31 Hamiltonians A n-qubit Hamiltonian is a Hermitian H of norm H 1 acting on C 2 C 2 Z = and X = are 1-qubit Hamiltonians The energy of ψ with respect to H is ψ Hψ ψ = α 0 e 0 + α 1 e 1 ψ Zψ = α 0 2 α 1 2 ψ Xψ = α 0 2 α 1 2 Estimate energy wrt Z: measure Estimate energy wrt X: Hadamard + measure X More generally, i : I 2 X I 2 I 2 H = σ ij α ij 2 (X ix j + Z i Z j ) is an n qubit Hamiltonian (provided Σ ij α ij 1)

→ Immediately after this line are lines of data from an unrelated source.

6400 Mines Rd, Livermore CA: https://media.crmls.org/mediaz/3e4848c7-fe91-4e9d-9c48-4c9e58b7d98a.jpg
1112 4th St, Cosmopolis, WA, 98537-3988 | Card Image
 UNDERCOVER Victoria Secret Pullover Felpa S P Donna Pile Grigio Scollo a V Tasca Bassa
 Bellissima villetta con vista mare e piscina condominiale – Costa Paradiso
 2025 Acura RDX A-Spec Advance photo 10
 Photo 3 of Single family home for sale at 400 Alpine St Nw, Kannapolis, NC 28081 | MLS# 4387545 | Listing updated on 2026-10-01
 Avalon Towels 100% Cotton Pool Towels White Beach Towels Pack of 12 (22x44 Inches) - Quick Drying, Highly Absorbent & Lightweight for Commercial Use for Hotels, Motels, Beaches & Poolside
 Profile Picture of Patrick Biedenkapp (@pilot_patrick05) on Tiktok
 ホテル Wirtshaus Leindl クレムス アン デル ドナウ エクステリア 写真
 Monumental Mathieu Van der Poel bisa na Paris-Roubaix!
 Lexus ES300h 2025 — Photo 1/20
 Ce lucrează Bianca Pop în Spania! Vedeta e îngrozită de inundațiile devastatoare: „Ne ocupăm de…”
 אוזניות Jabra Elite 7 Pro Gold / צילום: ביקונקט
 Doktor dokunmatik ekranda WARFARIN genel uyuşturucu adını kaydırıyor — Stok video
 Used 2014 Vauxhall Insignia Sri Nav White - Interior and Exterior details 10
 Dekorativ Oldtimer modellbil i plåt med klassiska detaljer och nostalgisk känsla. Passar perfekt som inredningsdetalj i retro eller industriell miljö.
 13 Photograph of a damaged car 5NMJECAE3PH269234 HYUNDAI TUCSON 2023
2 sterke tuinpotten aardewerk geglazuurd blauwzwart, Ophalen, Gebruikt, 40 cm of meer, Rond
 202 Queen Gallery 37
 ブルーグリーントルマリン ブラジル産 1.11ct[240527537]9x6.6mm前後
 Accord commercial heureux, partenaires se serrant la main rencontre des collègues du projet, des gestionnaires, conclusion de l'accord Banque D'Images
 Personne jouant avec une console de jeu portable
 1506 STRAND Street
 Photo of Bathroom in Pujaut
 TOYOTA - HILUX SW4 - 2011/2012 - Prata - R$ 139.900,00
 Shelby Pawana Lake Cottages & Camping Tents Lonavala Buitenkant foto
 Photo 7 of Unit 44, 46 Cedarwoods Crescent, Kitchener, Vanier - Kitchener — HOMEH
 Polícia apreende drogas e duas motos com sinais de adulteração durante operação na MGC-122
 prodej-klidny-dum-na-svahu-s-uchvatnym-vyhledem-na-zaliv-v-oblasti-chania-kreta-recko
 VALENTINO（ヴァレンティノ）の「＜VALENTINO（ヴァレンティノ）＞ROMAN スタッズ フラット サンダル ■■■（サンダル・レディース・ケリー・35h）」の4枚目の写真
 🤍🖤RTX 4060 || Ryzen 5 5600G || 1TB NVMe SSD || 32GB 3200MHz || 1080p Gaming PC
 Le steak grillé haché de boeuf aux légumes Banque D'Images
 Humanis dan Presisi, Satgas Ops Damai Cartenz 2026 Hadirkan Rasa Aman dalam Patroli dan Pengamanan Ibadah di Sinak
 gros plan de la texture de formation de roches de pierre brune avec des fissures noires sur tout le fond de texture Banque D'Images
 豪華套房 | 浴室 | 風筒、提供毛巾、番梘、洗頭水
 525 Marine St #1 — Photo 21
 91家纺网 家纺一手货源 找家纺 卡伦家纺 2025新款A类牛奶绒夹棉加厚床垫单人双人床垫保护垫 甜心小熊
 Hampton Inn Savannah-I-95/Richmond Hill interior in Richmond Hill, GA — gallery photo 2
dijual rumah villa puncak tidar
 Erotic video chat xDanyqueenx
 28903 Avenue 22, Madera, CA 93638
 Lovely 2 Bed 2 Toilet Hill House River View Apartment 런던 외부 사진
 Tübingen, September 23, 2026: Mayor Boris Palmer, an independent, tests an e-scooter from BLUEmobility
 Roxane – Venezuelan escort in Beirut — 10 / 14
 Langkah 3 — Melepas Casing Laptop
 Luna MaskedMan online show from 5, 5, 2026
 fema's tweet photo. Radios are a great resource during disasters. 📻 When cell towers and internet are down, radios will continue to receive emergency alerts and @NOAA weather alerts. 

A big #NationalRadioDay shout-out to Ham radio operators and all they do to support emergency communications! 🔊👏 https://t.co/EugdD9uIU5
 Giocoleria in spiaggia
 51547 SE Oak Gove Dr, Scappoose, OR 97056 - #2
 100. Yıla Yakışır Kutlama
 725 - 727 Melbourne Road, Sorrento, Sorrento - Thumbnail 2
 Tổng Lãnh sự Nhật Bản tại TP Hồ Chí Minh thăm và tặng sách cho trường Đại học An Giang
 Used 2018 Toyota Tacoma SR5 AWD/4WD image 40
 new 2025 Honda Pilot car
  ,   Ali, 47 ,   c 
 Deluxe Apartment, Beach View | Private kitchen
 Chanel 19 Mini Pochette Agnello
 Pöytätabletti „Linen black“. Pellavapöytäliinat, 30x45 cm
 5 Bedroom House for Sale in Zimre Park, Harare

32 Measurements e 1 e 0 Measurement rule: for b {0,1}, Pr b ψ = e b ψ 2 = α b 2 e 1 ψ = α 0 e 0 + α 1 e 1 C 2 Fourier transform: e 0 H: e 0 e 0, e 1 e 1 Generally: ψ = Measure i-th qubit: α x (e x1 e xn ) x 0,1 n H n α t = 2 n/2 α t (e t1 e tn ) t 0,1 n x 1 x t α x Pr b ψ, i = α x 2 Pr b ψ, i = α t 2 x:x i =b t:t i =b
33 Interactive proof for ZEROSUM Input is multilinear polynomial P F q [X 1,, X T ]. Goal: Σ x Fq T P x = 0? S = Σ P(x 1,, x T ) Σ z p T z = S? z T R F q Σ z p T 1 z = p T (z T )? z T 1 R F q p T (z) = Σ P(x 1,, x T 1, z) z T p T 1 (z) = Σ P(x 1,, z, z T ) z T 1 p 0 = P z 1,, z T? p 0 = P( z 1,, z T ) This protocol shows ZEROSUM IP
34 An example 0 H Z H b = 1 description of circuit C I got b = 1 Oh? Is this right?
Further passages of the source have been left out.